* [WHAT IS BEING ASKED]:
In the entries below, locate the line with "Peugeot 207 SW XS 1.6 Flex 16V 5p Aut.", then give again that line and all lines after it, exactly, with pictures omitted.

PROVIDED INFORMATION: Begin

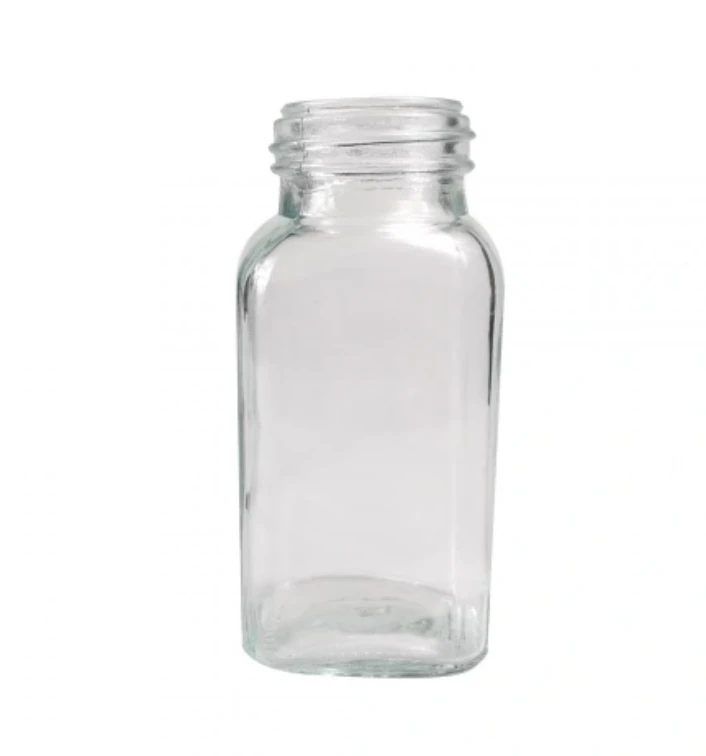 Wholesale high quality 100 ml Clear Glass Pepper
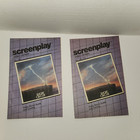 Lot Of 13 Movie Rental Catalog  Booklets  Leaflets   1980s  Screenplay Video 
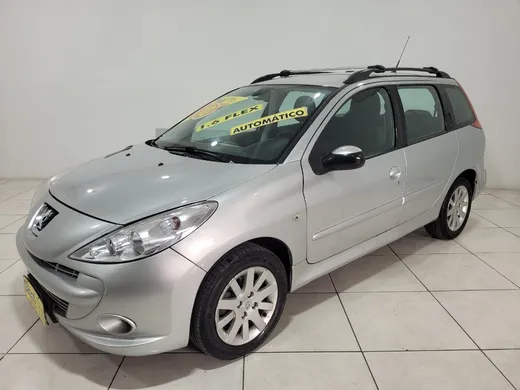 Peugeot 207 SW XS 1.6 Flex 16V 5p Aut.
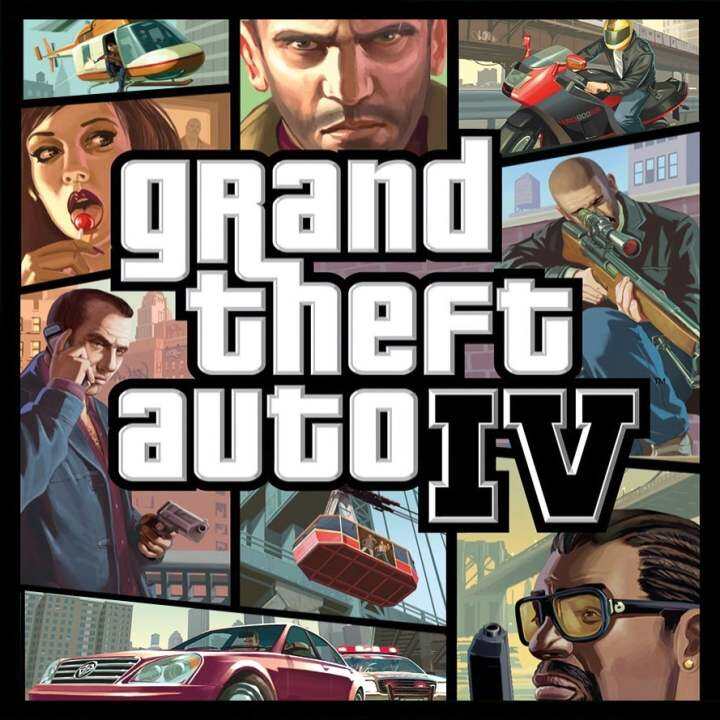Grand Theft Auto 4 PC Game GTA 4 Windows Games Grand Theft Auto IV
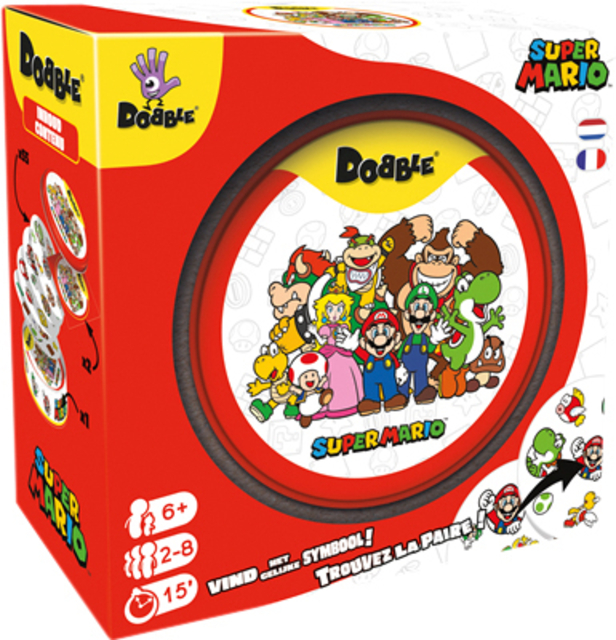 Spel Dobble Super Mario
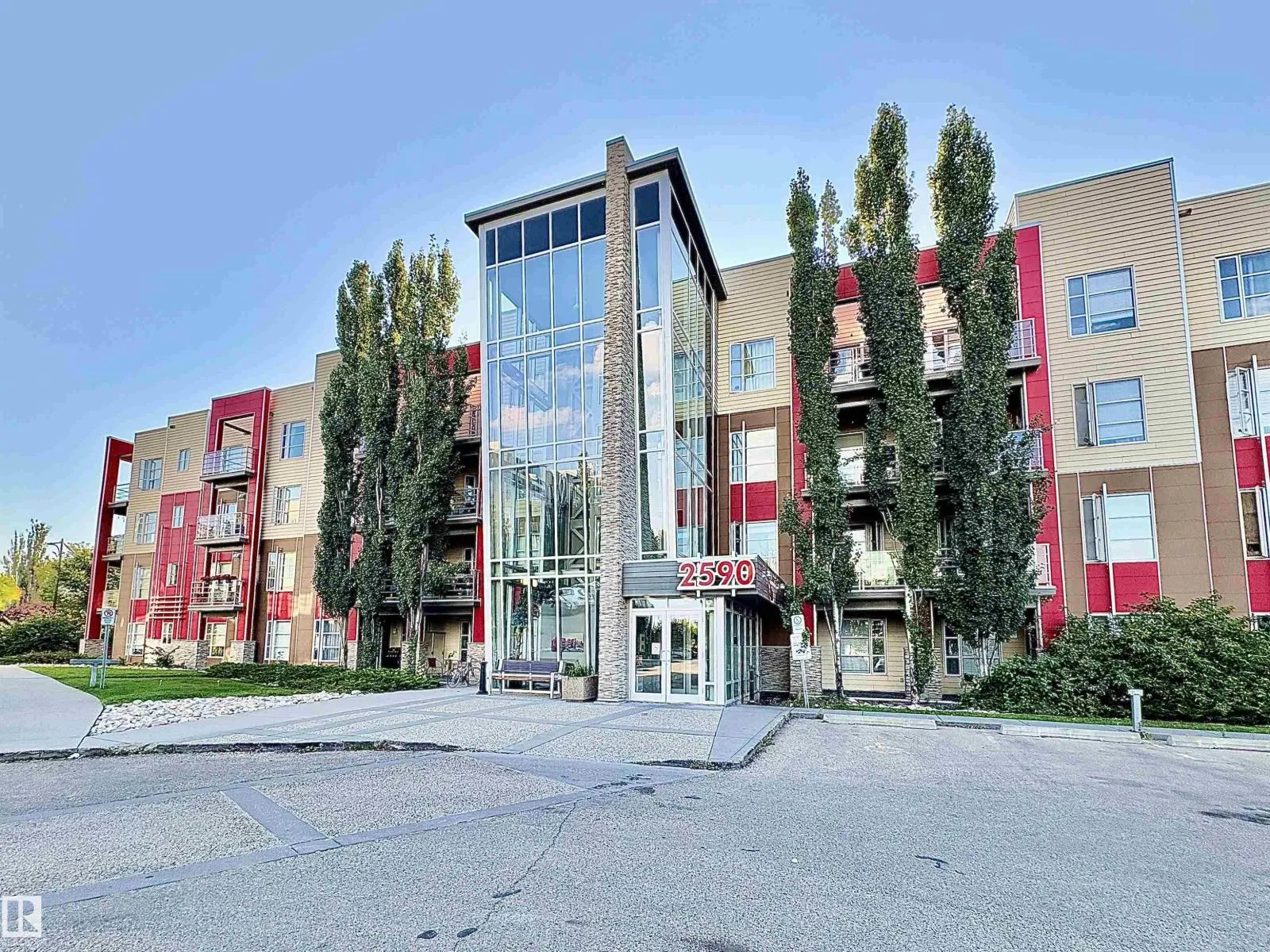 Apartment for rent: #106 2590 Anderson Wy Sw, Edmonton, Alberta T6W 0R2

PROVIDED INFORMATION: End

* [RESPONSE BOX]:
 Peugeot 207 SW XS 1.6 Flex 16V 5p Aut.
Grand Theft Auto 4 PC Game GTA 4 Windows Games Grand Theft Auto IV
 Spel Dobble Super Mario
 Apartment for rent: #106 2590 Anderson Wy Sw, Edmonton, Alberta T6W 0R2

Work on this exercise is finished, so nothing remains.